The Brotherhood’s violent past is often discussed in sensationalist terms in order to further policy aims, such as designating the group as a terrorist organization.29 Yet, Frampton manages to engage with both the violent and nonviolent eras of the Muslim Brotherhood’s history and discusses the consequences of these two eras for the group’s relationship with the United Kingdom and America. It should be noted, as Frampton clarifies, that the violent portion of the Muslim Brotherhood’s history remains in the past — a change for which Western foreign policy has often failed to account.
The Muslim Brotherhood as a Transnational Group
The fourth important conclusion that Frampton draws has to do with the rather contentious issue of the unity of the Muslim Brotherhood as a transnational group. He highlights how the organization initially attracted domestic and eventually international appeal due to its solidarity with the Palestinian cause. Impressively, he explains that “Already during the Second World War, the Brotherhood had developed its international focus and one could see the evolution of a definable ‘foreign policy.’”30 Under Nasser, an increasing number of local branches emerged throughout the region.31 By the early 2000s, however, the organization’s transnational basis had become seriously fractured. In Frampton’s words:
The influence of the Brotherhood’s putative ‘International Organization’ appears to have declined further during the 1990s, before being abandoned altogether in the aftermath of 9/11, when increased US attention to ‘terrorism financing’ rendered its operations ever more difficult and it was split by fresh divisions over how to respond to the 2003 invasion of Iraq.32
When the international Muslim Brotherhood is discussed, then, it is unclear what is meant by the term, since the transnational structure is largely nonexistent in the present day.
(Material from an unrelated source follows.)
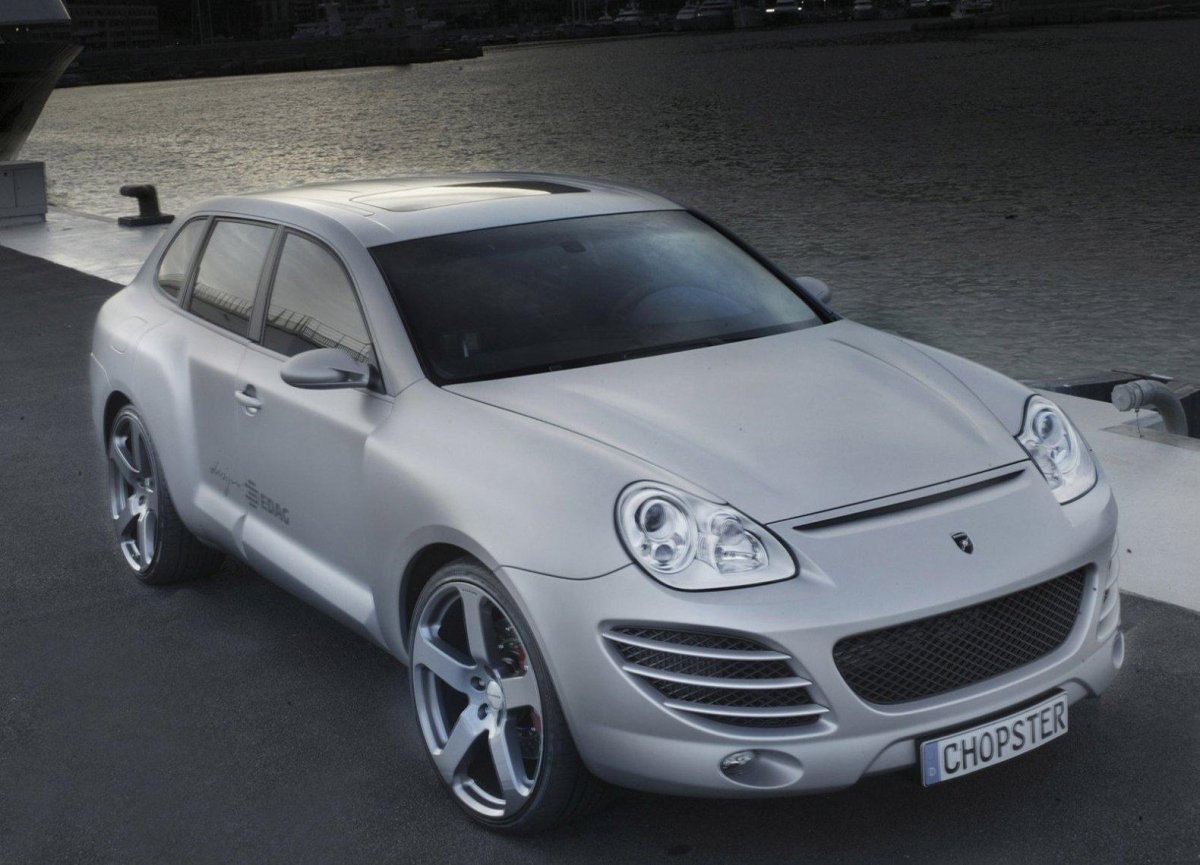 Rinspeed Chopster 2005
Indeed, it is this fundamental lack of unity that makes policies like the proposed Muslim Brotherhood ban in the United States nonsensical and yet another example of the profound misunderstandings that exist about the organization and its nature.33
By tracing the relationship between the Muslim Brotherhood and the United Kingdom and the United States, Frampton provides valuable insights into the calculus of both the Brotherhood and Western governments and reveals the fundamental lack of understanding that has undermined the formation of a stable relationship between the Brotherhood and the West. Understanding how this relationship has been mismanaged in the past is an important means of avoiding these pitfalls in the future. Furthermore, simply because there is no analogous organization in the West does not mean that suspicion and mistrust are the appropriate policy responses.
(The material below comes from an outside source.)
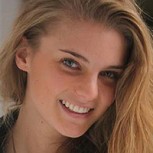 Así lucía Josefina Montané a los 14 años en su primera portada de revista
Courtney Freer is a research fellow at the London School of Economics Middle East Centre. Her book Rentier Islamism: The Role of the Muslim Brotherhood in Gulf Monarchies, published in 2018 by Oxford University Press, traces the history of the Muslim Brotherhood in Kuwait, Qatar, and the United Arab Emirates.
3. In the Shadow of Egypt
In summer 2013, Egypt convulsed with violence. President Mohammed Morsi, a member of the Muslim Brotherhood who was elected in the first free and fair election in Egypt’s history, had been in office for roughly a year. Protest movements, some of which were reportedly backed by the military, had returned to the streets in spring 2013.34 On July 3, after deadly clashes between the president’s supporters and opponents amid another round of mass demonstrations, the military toppled the government and detained Morsi. Although an interim president was appointed, Gen. Abdel Fatah al Sisi, Egypt’s defense minister, held power.
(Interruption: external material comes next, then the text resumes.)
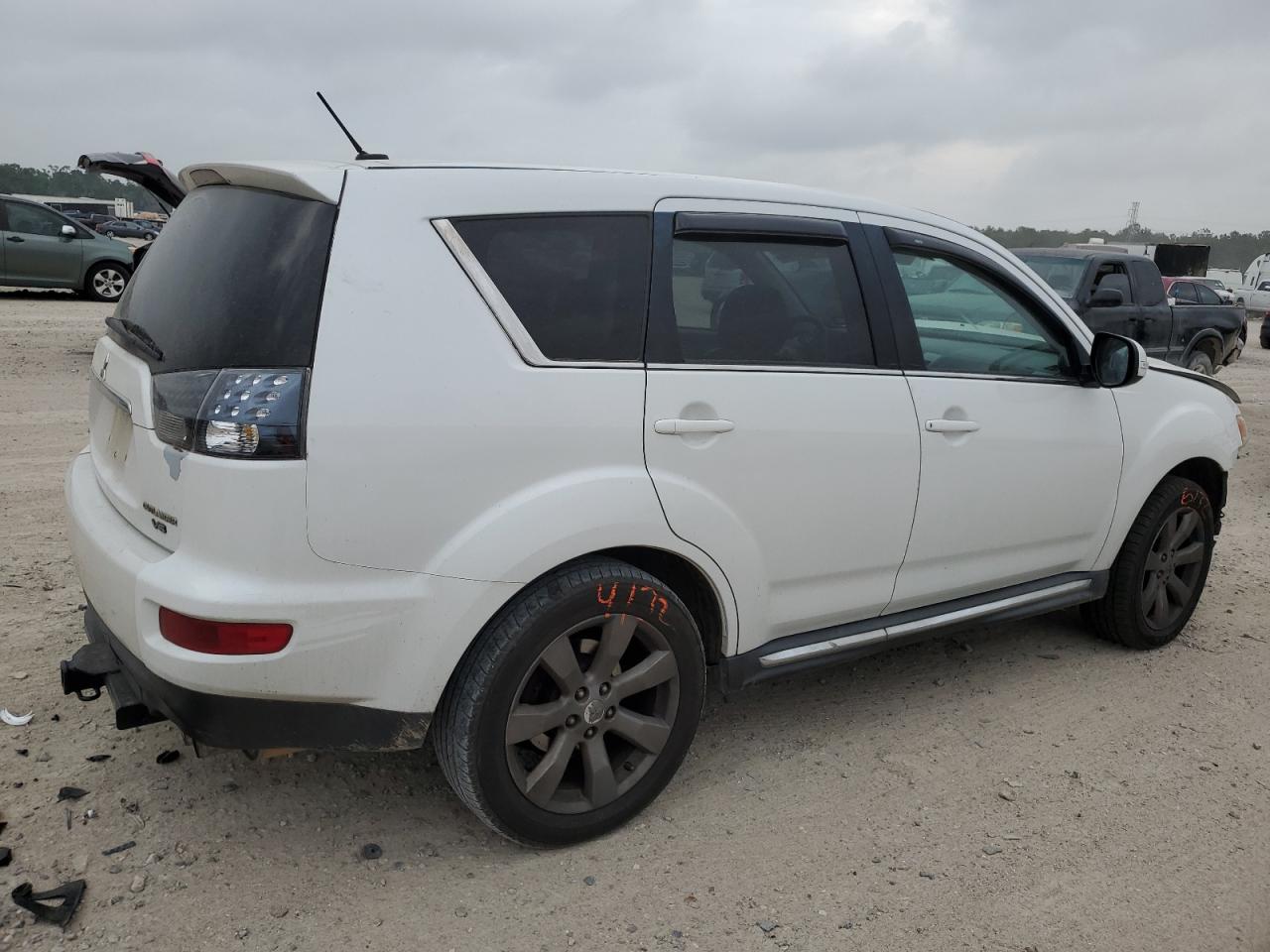 JA4JT5AX1AZ013044 2010 Mitsubishi Outlander Gt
Brotherhood members and supporters staged major protests around the country. Egypt’s security forces responded with lethal force, killing hundreds in the weeks and months that followed. 800 Morsi supporters and members of the Muslim Brotherhood were reportedly killed in a single day in August.35 The military banned the Brotherhood, arrested most of its top leaders, along with hundreds of others, and sent more into hiding. Egypt was already facing a genuine jihadist insurgency in the Sinai when al Sisi took power. Egyptian military officials and state media organs tried to portray the Brotherhood as a terrorist group in bed with al Qaeda, despite the significant differences between them. Indeed, al Qaeda and other jihadist groups routinely denounced the Muslim Brotherhood for its renunciation of violence and willingness to contest elections.36 The severity of the crackdown suggested that Egypt’s generals believed that they could finally rid the country of their bête noire, or at least that they preferred to deal with the Brotherhood as a security problem and not as a political actor.
There were vigorous debates inside the U.S. government over how to respond. The United States provides approximately $1.3 billion annually to Egypt. American officials had to consider whether to try to use this assistance as leverage to promote political reform. The U.S. government attempted to walk a fine line, aiming to hold Egypt accountable without damaging the relationship. Washington temporarily suspended some military aid, but subsequently reinstated it. This approach was informed by the traditional value that some U.S. policymakers placed on the bilateral relationship with Egypt and reinforced by more immediate security concerns in the region. The regional security climate in the Middle East was defined by civil wars in Syria, Yemen, and Libya; anxieties about strains in the relationship with Saudi Arabia; and the rise of the Islamic State. When push came to shove, Washington opted to maintain the status quo in the U.S.-Egyptian relationship rather than attempt to use security assistance as a cudgel to change the al Sisi regime’s calculus.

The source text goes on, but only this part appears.